=== What this task involves ===
Using the records that appear below, write out exactly the lines from the one with "You Missed Twice" through the one with "AOSIWIG Y2k Synthetic", keeping both end lines.

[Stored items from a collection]
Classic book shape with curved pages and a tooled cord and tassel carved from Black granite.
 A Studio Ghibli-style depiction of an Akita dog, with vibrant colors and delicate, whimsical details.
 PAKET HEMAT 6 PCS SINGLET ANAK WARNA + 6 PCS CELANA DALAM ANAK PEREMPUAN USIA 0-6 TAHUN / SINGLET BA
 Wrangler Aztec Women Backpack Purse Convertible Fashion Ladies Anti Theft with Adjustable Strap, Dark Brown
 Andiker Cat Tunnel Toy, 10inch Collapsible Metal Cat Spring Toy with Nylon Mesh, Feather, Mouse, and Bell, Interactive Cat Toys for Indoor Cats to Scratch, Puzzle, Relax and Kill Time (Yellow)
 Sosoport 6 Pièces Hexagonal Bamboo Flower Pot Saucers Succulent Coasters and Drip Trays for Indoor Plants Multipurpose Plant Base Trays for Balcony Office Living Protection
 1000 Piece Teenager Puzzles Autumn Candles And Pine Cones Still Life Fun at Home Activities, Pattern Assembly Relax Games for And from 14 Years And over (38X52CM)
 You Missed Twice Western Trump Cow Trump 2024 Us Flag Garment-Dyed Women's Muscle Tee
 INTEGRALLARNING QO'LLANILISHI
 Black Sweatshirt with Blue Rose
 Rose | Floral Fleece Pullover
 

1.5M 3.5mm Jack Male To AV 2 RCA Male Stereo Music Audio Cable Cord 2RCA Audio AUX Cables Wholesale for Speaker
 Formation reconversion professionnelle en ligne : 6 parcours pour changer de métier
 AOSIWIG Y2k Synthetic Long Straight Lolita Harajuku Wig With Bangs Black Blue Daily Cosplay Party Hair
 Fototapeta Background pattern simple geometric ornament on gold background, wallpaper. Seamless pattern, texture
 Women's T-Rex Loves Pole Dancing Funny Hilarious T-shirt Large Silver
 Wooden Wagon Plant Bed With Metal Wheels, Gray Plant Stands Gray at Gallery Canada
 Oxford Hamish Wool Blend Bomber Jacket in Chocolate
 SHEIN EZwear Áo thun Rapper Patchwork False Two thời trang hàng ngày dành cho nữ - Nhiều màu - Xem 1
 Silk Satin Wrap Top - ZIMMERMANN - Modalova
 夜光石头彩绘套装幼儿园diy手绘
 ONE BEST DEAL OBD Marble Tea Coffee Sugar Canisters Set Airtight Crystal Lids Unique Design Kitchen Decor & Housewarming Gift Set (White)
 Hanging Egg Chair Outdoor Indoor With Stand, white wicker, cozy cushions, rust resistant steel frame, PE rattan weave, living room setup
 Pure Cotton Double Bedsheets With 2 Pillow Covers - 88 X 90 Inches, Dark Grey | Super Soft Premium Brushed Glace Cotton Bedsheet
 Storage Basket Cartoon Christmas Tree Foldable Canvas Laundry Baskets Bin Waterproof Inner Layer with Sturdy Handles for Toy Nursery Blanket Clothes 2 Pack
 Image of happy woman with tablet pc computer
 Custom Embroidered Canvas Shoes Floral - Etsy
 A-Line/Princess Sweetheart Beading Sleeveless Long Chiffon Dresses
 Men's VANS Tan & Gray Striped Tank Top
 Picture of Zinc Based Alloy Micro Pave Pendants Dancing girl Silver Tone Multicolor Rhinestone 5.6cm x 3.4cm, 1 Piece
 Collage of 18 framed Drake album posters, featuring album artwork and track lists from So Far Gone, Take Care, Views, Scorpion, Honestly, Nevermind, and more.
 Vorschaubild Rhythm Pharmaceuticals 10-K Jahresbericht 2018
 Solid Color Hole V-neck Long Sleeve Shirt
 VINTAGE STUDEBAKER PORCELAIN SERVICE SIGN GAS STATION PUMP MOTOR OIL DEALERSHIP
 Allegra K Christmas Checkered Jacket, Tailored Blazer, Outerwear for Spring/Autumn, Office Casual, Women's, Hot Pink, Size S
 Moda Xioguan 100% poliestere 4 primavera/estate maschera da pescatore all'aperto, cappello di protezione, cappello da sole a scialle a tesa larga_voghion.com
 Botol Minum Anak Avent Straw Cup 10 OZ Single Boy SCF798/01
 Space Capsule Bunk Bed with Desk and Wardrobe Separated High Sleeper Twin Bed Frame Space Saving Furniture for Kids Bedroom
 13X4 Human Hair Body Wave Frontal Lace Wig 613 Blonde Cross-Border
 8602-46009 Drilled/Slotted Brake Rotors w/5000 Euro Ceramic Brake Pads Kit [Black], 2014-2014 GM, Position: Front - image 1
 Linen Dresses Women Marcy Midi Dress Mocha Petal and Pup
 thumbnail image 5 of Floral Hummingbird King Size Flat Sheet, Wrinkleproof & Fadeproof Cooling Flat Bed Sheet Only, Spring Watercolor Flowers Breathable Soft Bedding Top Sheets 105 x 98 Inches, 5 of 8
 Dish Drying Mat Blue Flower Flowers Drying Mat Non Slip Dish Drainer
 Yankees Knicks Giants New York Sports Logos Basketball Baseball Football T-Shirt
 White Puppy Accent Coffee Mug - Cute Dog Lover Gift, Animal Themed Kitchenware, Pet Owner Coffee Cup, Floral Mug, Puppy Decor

=== Finished exercise ===
 You Missed Twice Western Trump Cow Trump 2024 Us Flag Garment-Dyed Women's Muscle Tee
 INTEGRALLARNING QO'LLANILISHI
 Black Sweatshirt with Blue Rose
 Rose | Floral Fleece Pullover
 

1.5M 3.5mm Jack Male To AV 2 RCA Male Stereo Music Audio Cable Cord 2RCA Audio AUX Cables Wholesale for Speaker
 Formation reconversion professionnelle en ligne : 6 parcours pour changer de métier
 AOSIWIG Y2k Synthetic Long Straight Lolita Harajuku Wig With Bangs Black Blue Daily Cosplay Party Hair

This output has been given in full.